I am still thinking about my non-fiction selections however. After looking over my initial selections and alternates, I decided that I wasn’t taking the “challenge” part of the challenge seriously enough. This is an opportunity for me to break out of the confines of my usual non-fiction reading and really try something new (although hopefully nothing too exciting that might convince me to change my field of study yet again…..). That said, here are some other non-fiction titles I’m considering.
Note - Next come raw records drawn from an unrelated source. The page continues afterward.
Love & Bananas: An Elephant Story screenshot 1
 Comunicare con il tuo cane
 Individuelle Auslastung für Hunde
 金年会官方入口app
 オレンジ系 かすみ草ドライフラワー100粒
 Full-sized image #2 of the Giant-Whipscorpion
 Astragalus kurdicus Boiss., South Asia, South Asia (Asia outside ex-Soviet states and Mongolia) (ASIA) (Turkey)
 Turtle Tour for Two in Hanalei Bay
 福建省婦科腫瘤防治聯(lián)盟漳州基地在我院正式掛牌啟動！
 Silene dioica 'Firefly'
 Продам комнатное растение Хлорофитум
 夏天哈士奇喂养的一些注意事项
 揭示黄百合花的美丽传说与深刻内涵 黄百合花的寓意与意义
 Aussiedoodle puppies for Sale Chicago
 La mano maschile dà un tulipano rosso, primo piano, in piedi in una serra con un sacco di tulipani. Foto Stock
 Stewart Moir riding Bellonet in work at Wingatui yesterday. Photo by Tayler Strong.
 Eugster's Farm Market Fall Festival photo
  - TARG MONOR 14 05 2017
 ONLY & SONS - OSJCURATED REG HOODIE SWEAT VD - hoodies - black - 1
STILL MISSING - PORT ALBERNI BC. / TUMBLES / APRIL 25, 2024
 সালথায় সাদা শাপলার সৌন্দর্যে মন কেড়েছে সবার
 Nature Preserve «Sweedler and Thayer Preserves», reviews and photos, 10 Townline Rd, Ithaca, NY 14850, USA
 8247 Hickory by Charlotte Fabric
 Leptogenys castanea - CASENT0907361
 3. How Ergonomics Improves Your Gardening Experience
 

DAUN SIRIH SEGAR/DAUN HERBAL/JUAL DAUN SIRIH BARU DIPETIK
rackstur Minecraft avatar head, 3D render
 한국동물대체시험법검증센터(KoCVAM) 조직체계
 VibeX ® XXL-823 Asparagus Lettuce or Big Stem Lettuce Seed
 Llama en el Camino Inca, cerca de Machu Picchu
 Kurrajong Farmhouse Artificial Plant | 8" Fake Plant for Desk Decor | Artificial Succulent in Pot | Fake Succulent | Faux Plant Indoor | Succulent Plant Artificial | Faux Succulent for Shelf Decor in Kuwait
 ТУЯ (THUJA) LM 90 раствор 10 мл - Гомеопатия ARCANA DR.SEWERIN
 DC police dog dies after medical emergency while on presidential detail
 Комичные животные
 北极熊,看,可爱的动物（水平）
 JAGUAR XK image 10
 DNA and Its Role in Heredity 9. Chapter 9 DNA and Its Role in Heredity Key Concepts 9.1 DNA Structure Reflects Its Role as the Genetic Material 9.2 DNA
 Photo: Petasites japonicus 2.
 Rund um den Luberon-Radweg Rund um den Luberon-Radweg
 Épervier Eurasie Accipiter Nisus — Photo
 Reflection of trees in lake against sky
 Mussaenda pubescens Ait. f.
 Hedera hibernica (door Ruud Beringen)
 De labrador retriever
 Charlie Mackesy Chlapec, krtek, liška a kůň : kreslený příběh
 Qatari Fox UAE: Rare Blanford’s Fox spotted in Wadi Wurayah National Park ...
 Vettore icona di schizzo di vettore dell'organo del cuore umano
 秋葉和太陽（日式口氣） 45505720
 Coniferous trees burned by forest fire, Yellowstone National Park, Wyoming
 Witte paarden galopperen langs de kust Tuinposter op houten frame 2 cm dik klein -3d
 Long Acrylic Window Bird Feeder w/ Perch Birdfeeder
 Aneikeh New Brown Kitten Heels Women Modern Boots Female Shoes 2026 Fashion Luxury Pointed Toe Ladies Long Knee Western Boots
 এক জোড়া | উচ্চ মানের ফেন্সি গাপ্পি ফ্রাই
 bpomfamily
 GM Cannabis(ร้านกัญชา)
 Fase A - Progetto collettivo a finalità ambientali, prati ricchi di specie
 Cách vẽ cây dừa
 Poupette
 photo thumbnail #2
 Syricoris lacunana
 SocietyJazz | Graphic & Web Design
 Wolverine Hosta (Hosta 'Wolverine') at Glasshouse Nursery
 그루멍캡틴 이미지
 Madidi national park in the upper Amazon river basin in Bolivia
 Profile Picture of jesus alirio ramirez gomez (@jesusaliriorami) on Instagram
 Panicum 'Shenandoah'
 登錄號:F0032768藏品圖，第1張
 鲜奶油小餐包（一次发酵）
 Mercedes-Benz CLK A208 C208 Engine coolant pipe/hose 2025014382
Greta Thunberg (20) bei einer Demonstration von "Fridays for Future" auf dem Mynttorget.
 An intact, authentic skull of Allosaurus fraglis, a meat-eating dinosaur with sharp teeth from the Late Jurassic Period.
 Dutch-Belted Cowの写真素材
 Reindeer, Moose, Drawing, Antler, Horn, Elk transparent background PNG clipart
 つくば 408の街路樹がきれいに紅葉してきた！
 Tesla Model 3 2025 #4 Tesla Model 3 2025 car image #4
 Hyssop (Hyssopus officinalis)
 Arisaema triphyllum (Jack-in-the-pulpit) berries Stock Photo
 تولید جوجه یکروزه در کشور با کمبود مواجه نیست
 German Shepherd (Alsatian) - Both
I’m leaning more to the sciences for a number of reasons: 1) for those who remember my misguided undergraduate years, I was both a geology and a Russian major for a period of time, and I like to dip back into science once in a while 2) as many of you know, I’m a rather competitive person (but in a nice, friendly way, I swear), and I would like to claim that I’ve read as many (or more) science related books than my husband, the scientist 3) it’s a nice counter-balance to all of the humanities reading I do.

So here are more titles under consideration:

  1. “The Elegant Universe” by Brian Greene
  2. “Warped Passages” by Lisa Randall
  3. “In Code: A Mathematical Journey” by Sarah Flannery
  4. “Death by Black Hole: And Other Cosmic Quandaries” by Neil de Grasse Tyson (isn’t that a great title?)

If anyone has other suggestions (in any field, not just science and history) let me know!